Sin embargo, tenía otros problemas, además de Stash. La escuela hebrea había resultado ser un lugar nada divertido y de rígida disciplina. Los profesores eran seglares que recibían el título honorario de reb, palabra que les daba una categoría aproximadamente intermedia entre la de rabino y la de bedel. El reb que estaba al frente de su clase era un hombre joven y delgado, con gafas y barba oscura, llamado Hyman Horowitz. Pero nunca se le llamaba otra cosa que Reb Jaim. La j gutural de su nombre
Yiddish
fascinaba a Michael, que mentalmente le apodaba Jaim Joroqejitz el Jazador, porque solía estar sentado detrás del pupitre, con los ojos cerrados y los dedos hurgando entre su espesa barba, como si continuamente estuviese jazando, jazando, jazando piojos.
En la clase había veinte chicos. Como alumno nuevo, a Michael se le asignó un puesto situado delante de Reb Jaim, y pronto se dio cuenta de que aquél era el puesto peor de la clase. Ningún alumno permanecía en él mucho tiempo, a menos que fuese estúpido o archicriminal. Era el único puesto de la clase en que la victima podía ser alcanzada por la vara de Reb Jaim. Delgada y flexible, intermedia entre junco y bastón, yacía ante él sobre el pupitre. Cualquier infracción del buen comportamiento, desde un simple cuchicheo hasta un defectuoso recitado, la hacía hender el aire con un silbido hasta aterrizar —¡zas!— sobre los hombros del culpable. A pesar de que la ropa interior, la camisa y el jersey podían amortiguar el efecto del golpe, la vara era el arma más perversa que los alumnos habían conocido jamás, y le profesaban un justificado temor.
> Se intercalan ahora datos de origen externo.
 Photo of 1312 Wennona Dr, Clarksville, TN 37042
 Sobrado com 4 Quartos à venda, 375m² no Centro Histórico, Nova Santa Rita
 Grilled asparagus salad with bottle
Jaim el Jazador le hizo probar a Michael el sabor de la vara al final de la primera clase, cuando vio que el muchacho paseaba la mirada por la destartalada aula en vez de prestar atención a sus estudios. El profesor se hallaba recostado en su silla, a punto de dormirse al parecer, con los ojos cerrados y los dedos hurgando entre la barba. Y, al instante, un breve silbido como el de una bomba al caer por el aire y… ¡zas! Ni siquiera abrió los ojos, pero la vara golpeó a Michael exactamente en el centro del hombro izquierdo. Se sintió demasiado admirado por la demostración del reb para gritar, y el ahogado murmullo de las risas de sus compañeros disipó de su castigo el carácter de tragedia personal.
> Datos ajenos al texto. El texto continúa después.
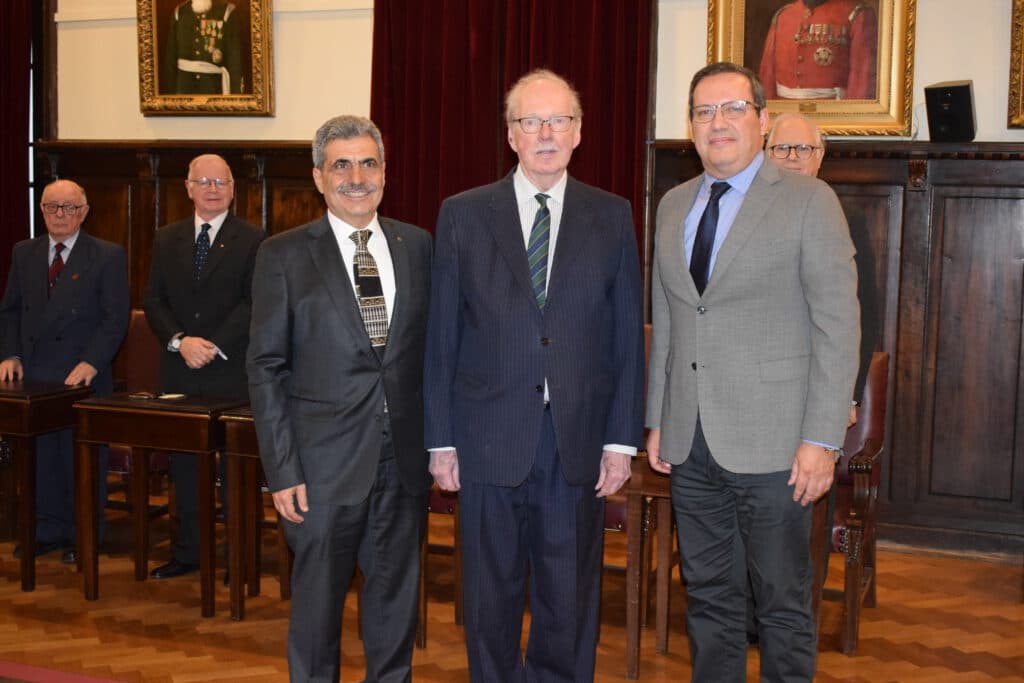 El CBS hizo entrega de la Condecoración OBA a dos ex Superintendentes de la Institución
El golpe había sido una operación de rutina, y Michael no fue catalogado como Enemigo Público hasta su quinto día en la escuela hebrea. Reb Jaim estaba encargado de enseñar religión a sus alumnos, además de hebreo, y aquel día acababa de contarles la historia de Moisés y la zarza ardiente. Dios, les informó solemnemente, era todopoderoso.